> _Directions for this task_
Print the listing below from its opening line through the line holding "Un droniste du", both ends included.

> _Data for processing_

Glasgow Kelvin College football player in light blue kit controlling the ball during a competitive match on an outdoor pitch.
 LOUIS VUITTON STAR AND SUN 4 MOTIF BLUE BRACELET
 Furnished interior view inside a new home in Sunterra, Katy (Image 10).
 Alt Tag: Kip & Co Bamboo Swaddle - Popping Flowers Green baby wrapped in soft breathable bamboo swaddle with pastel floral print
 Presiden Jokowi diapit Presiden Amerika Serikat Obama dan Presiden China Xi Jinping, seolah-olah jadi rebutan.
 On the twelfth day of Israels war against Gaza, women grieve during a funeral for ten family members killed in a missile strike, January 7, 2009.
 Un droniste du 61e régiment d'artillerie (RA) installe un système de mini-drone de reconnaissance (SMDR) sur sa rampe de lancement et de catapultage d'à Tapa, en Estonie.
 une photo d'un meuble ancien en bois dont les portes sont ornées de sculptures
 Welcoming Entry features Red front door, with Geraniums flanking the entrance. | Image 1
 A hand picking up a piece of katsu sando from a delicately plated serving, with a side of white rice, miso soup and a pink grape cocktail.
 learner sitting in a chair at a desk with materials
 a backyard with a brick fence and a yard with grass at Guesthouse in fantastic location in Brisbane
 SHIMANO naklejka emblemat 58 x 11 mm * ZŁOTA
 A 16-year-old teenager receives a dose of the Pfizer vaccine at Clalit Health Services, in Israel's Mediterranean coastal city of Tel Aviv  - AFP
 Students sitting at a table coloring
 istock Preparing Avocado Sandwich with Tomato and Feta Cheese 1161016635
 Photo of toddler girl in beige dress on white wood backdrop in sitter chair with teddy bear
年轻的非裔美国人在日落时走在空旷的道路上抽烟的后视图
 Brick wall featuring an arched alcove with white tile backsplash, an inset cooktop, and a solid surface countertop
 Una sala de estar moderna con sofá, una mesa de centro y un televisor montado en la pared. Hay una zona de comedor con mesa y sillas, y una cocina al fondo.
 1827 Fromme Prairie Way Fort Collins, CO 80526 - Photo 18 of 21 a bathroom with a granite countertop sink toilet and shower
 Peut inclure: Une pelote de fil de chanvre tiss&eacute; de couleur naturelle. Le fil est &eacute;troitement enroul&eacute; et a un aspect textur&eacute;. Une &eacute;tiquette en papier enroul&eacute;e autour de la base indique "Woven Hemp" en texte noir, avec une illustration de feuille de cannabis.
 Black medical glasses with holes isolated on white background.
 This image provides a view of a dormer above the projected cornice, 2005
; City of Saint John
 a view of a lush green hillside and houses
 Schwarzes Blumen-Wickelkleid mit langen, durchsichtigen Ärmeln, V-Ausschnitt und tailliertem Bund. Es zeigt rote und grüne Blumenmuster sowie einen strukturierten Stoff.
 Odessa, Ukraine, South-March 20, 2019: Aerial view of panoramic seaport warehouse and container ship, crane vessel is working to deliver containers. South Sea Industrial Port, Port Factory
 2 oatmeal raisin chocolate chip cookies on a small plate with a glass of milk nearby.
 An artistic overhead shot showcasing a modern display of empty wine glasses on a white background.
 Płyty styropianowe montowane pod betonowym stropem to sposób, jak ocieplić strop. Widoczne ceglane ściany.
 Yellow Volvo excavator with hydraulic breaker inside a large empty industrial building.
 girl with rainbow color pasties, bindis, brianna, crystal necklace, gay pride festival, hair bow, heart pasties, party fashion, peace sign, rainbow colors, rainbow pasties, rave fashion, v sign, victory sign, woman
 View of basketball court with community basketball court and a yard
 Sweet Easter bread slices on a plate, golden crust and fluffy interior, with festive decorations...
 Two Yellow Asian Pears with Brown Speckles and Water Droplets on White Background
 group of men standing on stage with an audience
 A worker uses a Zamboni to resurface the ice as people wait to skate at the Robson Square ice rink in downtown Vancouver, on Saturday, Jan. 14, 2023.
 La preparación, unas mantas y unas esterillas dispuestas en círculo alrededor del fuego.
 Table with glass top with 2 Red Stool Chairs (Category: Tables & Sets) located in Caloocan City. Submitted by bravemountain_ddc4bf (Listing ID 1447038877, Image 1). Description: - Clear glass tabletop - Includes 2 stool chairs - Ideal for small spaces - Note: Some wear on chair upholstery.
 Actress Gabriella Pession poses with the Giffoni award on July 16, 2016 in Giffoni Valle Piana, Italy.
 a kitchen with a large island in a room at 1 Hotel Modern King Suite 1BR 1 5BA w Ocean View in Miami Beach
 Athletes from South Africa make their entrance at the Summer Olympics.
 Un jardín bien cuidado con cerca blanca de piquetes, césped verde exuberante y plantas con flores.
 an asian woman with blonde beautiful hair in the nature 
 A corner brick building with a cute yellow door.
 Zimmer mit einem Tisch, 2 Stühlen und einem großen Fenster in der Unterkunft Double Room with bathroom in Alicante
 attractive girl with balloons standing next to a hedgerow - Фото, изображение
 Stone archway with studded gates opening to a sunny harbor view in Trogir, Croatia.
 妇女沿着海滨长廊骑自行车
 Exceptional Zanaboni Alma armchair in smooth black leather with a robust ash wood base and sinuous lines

> _Answer section_
Glasgow Kelvin College football player in light blue kit controlling the ball during a competitive match on an outdoor pitch.
 LOUIS VUITTON STAR AND SUN 4 MOTIF BLUE BRACELET
 Furnished interior view inside a new home in Sunterra, Katy (Image 10).
 Alt Tag: Kip & Co Bamboo Swaddle - Popping Flowers Green baby wrapped in soft breathable bamboo swaddle with pastel floral print
 Presiden Jokowi diapit Presiden Amerika Serikat Obama dan Presiden China Xi Jinping, seolah-olah jadi rebutan.
 On the twelfth day of Israels war against Gaza, women grieve during a funeral for ten family members killed in a missile strike, January 7, 2009.
 Un droniste du 61e régiment d'artillerie (RA) installe un système de mini-drone de reconnaissance (SMDR) sur sa rampe de lancement et de catapultage d'à Tapa, en Estonie.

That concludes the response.